= Franz Rottensteiner =

Austrian publisher and critic

Franz Rottensteiner (born 18 January 1942) is an Austrian publisher and critic in the fields of science fiction and speculative fiction in general.

==Biography==
Rottensteiner was born in Waidmannsfeld, Lower Austria.

He studied journalism, English and history at the University of Vienna, receiving his doctorate in 1969. He served about fifteen years as librarian and editor at the Österreichisches Institut für Bauforschung in Vienna. In addition, he produced a number of translations into German of leading science fiction authors, including Herbert W. Franke, Stanislaw Lem, Philip K. Dick, Abe Kōbō, Cordwainer Smith, Brian W. Aldiss and the Strugatski brothers.

In 1973 his anthology of science fiction View From Another Shore, published in the US by Seabury Press, introduced a number of European authors to the English-reading public. Selected authors included Stanislaw Lem, Josef Nesvadba, Gerard Klein, Lino Aldani and Jean-Pierre Andrevon.

The year 1975 saw the start of his series Die phantastischen Romane. For seven years it re-published works of both lesser- and better-known writers as well as new ones, ending with a total of 28 volumes.
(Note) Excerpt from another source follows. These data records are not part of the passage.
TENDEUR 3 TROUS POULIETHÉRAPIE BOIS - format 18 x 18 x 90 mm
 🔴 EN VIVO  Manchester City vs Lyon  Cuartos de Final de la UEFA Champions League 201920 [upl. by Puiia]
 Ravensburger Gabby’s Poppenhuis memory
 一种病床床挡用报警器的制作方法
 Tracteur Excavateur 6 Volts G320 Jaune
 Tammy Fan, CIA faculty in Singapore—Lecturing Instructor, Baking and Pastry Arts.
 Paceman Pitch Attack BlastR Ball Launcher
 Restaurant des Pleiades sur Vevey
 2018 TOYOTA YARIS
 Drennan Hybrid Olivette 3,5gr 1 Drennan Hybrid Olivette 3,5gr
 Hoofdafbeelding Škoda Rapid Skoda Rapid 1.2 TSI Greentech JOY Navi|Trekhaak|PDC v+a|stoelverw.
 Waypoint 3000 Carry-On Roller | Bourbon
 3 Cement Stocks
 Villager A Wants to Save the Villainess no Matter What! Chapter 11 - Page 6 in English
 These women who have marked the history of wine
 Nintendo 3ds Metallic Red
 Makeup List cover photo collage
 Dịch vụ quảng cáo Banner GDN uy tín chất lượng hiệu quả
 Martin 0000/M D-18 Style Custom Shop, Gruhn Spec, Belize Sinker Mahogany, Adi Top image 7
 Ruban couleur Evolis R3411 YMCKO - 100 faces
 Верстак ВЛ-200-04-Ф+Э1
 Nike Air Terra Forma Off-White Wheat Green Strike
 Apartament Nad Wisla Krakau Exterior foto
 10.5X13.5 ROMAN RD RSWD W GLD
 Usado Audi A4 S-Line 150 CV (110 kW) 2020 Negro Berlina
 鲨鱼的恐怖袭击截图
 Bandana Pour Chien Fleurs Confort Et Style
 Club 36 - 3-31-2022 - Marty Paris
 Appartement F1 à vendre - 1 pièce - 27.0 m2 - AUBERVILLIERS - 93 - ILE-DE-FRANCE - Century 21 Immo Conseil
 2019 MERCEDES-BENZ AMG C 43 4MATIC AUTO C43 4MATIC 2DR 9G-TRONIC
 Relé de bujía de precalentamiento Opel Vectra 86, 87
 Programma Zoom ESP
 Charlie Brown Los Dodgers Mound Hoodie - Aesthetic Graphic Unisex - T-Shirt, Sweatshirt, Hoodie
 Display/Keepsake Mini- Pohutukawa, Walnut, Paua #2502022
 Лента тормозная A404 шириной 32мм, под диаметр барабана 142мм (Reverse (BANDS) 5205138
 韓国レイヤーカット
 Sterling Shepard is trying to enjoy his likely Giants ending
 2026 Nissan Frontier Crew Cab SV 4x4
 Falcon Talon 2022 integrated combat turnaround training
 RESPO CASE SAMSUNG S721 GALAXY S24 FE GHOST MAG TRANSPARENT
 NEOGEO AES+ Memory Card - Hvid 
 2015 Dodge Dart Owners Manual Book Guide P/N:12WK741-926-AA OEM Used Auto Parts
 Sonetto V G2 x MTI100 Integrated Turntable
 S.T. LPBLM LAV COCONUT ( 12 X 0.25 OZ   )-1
In the years 1979-1985 he brought out translations of H. G. Wells's works in an eighteen volumes series.

Rottensteiner provoked some controversy with his negative assessment of American science fiction;
"what matters is the highest achievements, and there the US has yet to produce a figure comparable to H.G. Wells,
Olaf Stapledon, Karel Čapek or Stanisław Lem." Rottensteiner described
Roger Zelazny, Barry N. Malzberg, and Robert Silverberg as producing "travesties of fiction"
and stated "Asimov is a typical non-writer, and Heinlein and Anderson
are just banal". However, Rottensteiner praised Philip K. Dick, listing him as one of
"the greatest SF writers".

From 1980 through 1998 he was advisor for Suhrkamp Verlag's Phantastische Bibliothek, which brought out some three hundred books. In all, he has edited about fifty anthologies, produced two illustrated books (The Science Fiction Book (1975) und The Fantasy Book (1978)) as well as working on numerous reference works on science fiction.

His close association with and promotion of Lem until 1995 was a factor in the recognition of the latter in the United States.

Rottensteiner has been the editor of Quarber Merkur, the leading German language critical journal of science fiction, since 1963. In 2004, on the occasion of the hundredth number of this journal, he was awarded a special Kurd-Laßwitz-Preis.

He has authored over a hundred book reviews, and in the mid-1980s was considered among the premier experts on Polish speculative fiction outside Poland.